If it is necessary to find a hyper-specialized expert, a good source for a referral is another expert. Professionals generally have ways to identify the leaders in allied fields of study, often by calling a professional contact in the field, consulting proprietary databases for articles, and contacts with professional organizations in which specialist groups may exist. In general, non-experts are in a poor position to evaluate the qualifications of an expert. It is helpful to use an existing working relationship with an expert to identify other experts (the same way an attorney is often asked to refer-out clients who have matters in another field of law).

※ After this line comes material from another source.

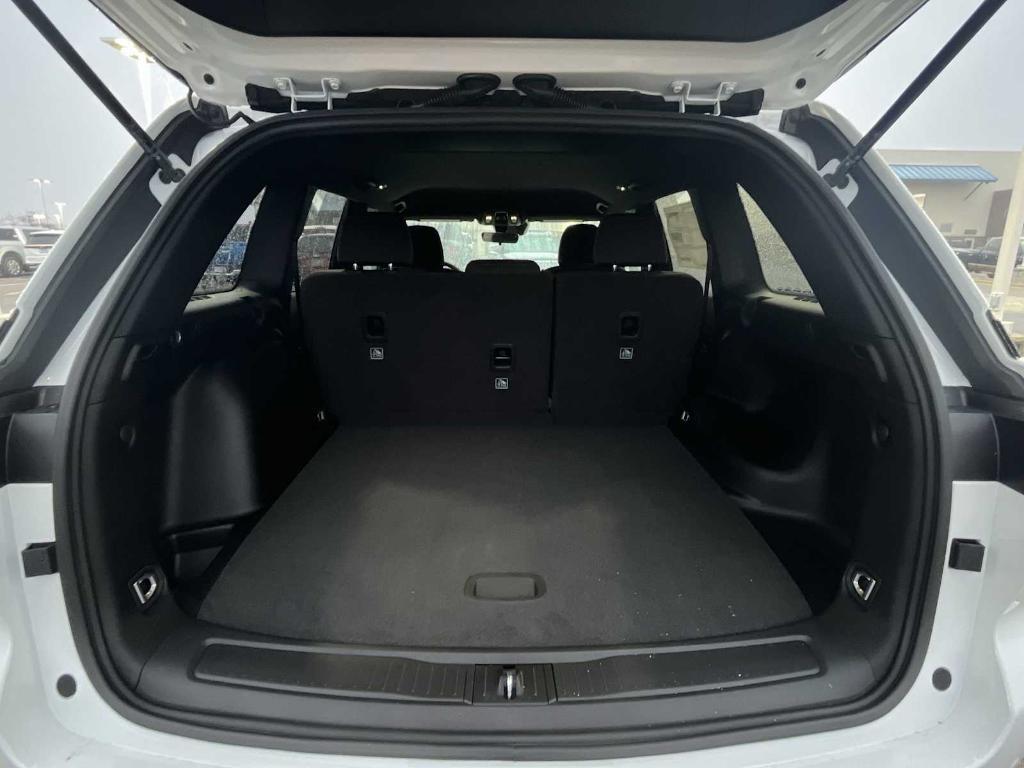 new 2025 Jeep Grand Cherokee car, priced at $38,249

The Main Valuation Methodologies
Valuation experts use a variety of approaches and methods to value a business. While a family lawyer need not be an expert in these approaches and methods, it is critical to understand basically what the expert is doing and the points at which a lawyer can add value to the process.
- “Asset” Approach: This approach treats the business as an assemblage of tangible assets, individually valued, rather than as a cohesive, income-producing whole. This approach is appropriate when the value of the business derives primarily from the market value of discrete tangible assets such as real property, marketable securities, or collectibles, etc. The Asset Approach generally is not effective in capturing the business’s intangible asset value (e.g., goodwill) if any exists. Methods used by valuation experts under the Asset Approach include:
- Net Book Value Method – Relies on the unadjusted accounting values for assets and liabilities reflected on the business’s balance sheet.

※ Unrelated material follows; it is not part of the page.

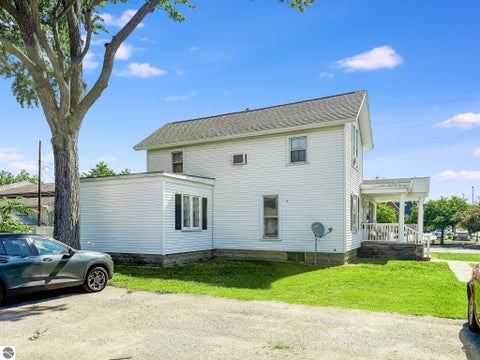 Tiny photo for 310 W Superior Street, Alma, MI 48801 (MLS # 1948587)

Adjusted Book Value Method – All of the business’s assets and liabilities (both recorded and unrecorded) are adjusted to their fair market value.
- Cost Method – The value is determined by estimating the costs to replace/create all the business’s assets.
- Orderly Liquidation – Values the business based upon the estimated net proceeds of liquidating its assets over a reasonable period of time with the objective of maximizing the proceeds. This method is appropriate if the business is not considered a going concern.
- “Income” Approach: In contrast to the Asset Approach, the Income Approach considers both tangible and intangible assets (e.g., goodwill) of the business as a cohesive, income-producing whole. The two methods within the Income Approach are:
- Capitalized Earnings Method – A single period of earnings considered representative of the business’s sustainable future income is converted to value through division by a “capitalization rate” (a numerical factor that is intended to aggregate the investment risks and benefits of a business going-forward, considering a variety of macro-economic, industry, and company-specific factors).
- Discounted Future Earnings (or Discounted Future Cash Flow) – The value of the business is arrived at by discounting the business’s estimated future earnings to present value using a “discount rate” (a numerical factor that adjusts the value of a stream of future payments/cash flows by a factor which reflects that payments received in the future have less value than cash received today and also the investment risks and benefits of a business going-forward, considering a variety of macro-economic, industry, and company-specific factors).
- “Market” Approach: Values a business based on actual (“market”) transactions for the purchase/sale of interests in “comparable” businesses. The two methods within the Market Approach are:
- Guideline Public Company Method – The value of a private company is derived from one or more trading multiples (e.g., price at which the company stock is traded by investors in relation to its revenues, earnings, or other financial metrics) of a representative group of comparable publicly traded companies.
- Guideline Private Company Method – The value of a private company is derived from the terms on which a representative group of private companies was (usually) sold.
- “Hybrid” Approaches/Methods: There also exist hybrid approaches and methods that do not strictly adhere to the approaches and methods described above and which combine elements of several. The “Excess Earnings Method,” for example, is a hybrid that combines elements of both the asset and income approaches.
Valuations often include more than one of these methodologies, with the output of each method being assigned a “weight” in the final valuation. Because the methods may yield significantly different outputs—in some cases a 75% difference or more—it is important to understand not only why a valuation expert selected a particular methodology, but also its weight. An expert should be able to explain the weighting analysis clearly to the lawyers and the court.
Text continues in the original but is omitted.